Another waiting room.Another long wait.
Another day fasting.
Another nurse with another medical history survey and a list of the same questions as I lay on a pre-op bed.
Another chance to teach a medical intern our history.
Another poke with a needle for another blood draw and IV.
Another time saying goodbye to Kim before going into another cold operating room.
Another set of vitals appearing on a monitor then shifting from one bed to the operating table, more faceless people behind surgical masks and doctors I don’t meet....
The patient's experience immediately before a procedure is an odd combination of being the center of attention and yet feeling almost completely irrelevant. (Is this how John McCain feels when he appears at a rally with Sarah Palin?) There are folks milling around chatting with each other and setting up the equipment, but usually only one of them is, at any given time, actually paying attention to you. As Josh points out, you sometimes find out who some of these people are only when you get the explanation of benefits from the insurance company. Weird stuff. Even weirder: Before one little ditty at Sloan-Kettering, my doctor was holed up in a corner feverishly checking his e-mail until about a millisecond before the anesthesiologist knocked me out.
For some reason, thinking about the ways that medicine can feel crude and inhuman made me think of pens -- specifically, ball point pens and Sharpies. It's often good practice for a doctor to write on a patient's body -- "amputate here," "x marks the spot," whatever -- and to do so, they typically use a regular pen. I would have thought there would be some special super-duper medical marking pen (and, in fact, there are), but the only thing anyone has ever written on me with was a Sharpie.
Except once.
When I was getting a lymph node biopsy, the guy doing the procedure (an inexperienced specialist your hospital gives gravitas to with the title "fellow") was having a lot of trouble finding the nodes with his ultrasound, so the big dog doc ambled in to set him straight. When he homed in, he reached into his pocket and pulled out a ball-point pen to mark their location and the needle insertion angle at one of the tenderest points of my inner thighs. Two observations: 1) A ball point pen doesn't write very well on flesh. Takes a lot of pressure; 2) The distinguishing feature of such a pen, as denoted by its name, is point. As little T. would say, "Owwie."
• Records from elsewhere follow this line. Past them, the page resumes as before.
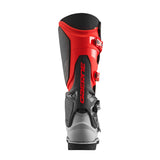 Gaerne SG22 Limited Edition Gore-Tex Enduro Boot Red/Black/Grey LE Size - 12 Gaerne Motorcycle Boots  AXOPROS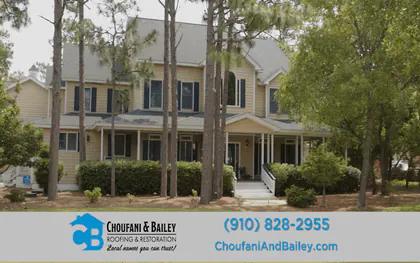 Choufani & Bailey Roofing & Restoration media 1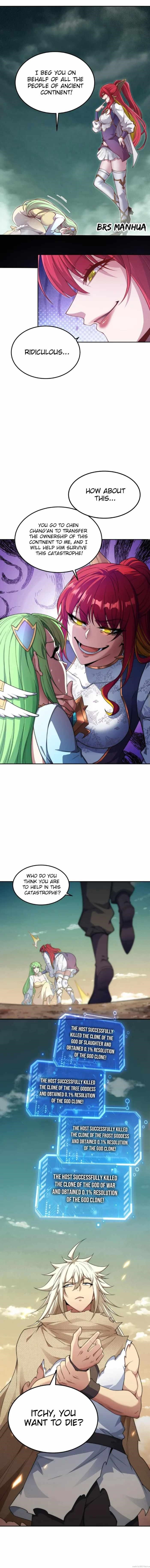 Invincible at the Start Chapter 98 - Page 8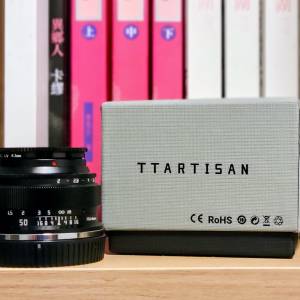 TTARTISAN 50mm f2 (Nikon Z)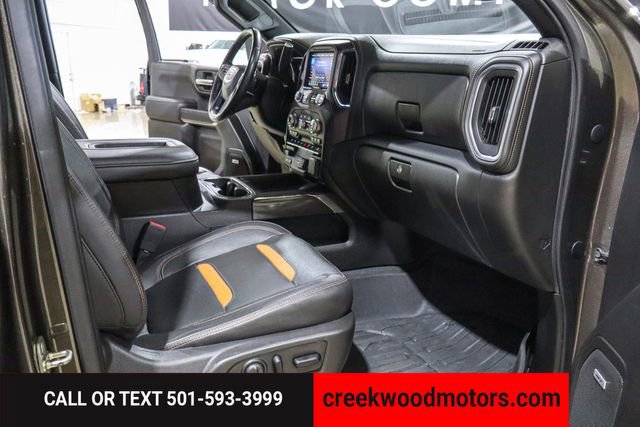 Used 2019 GMC Sierra 1500 AT4 w/ AT4 Premium Package image 12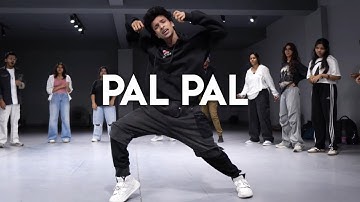 Pal Pal - Afusic  | Dance Choreography- Skool of Hip Hop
I thought of this after reading this story investigating the possibility of germ transmission by hospital Sharpie pens. It turns out that they do not hold bacteria while the fancy, medical-specific pens do (both are supposed to be discarded after one use anyway). Score one for crudity, I guess. Maybe even score two: One sad aspect of the biopsy story just occurred to me. Even though I resented the oblivious scratchings of the ball-point-toting big doc, after 45 or more stressful minutes on the table while the young dude futzed around, I was pathetically grateful for his decisiveness.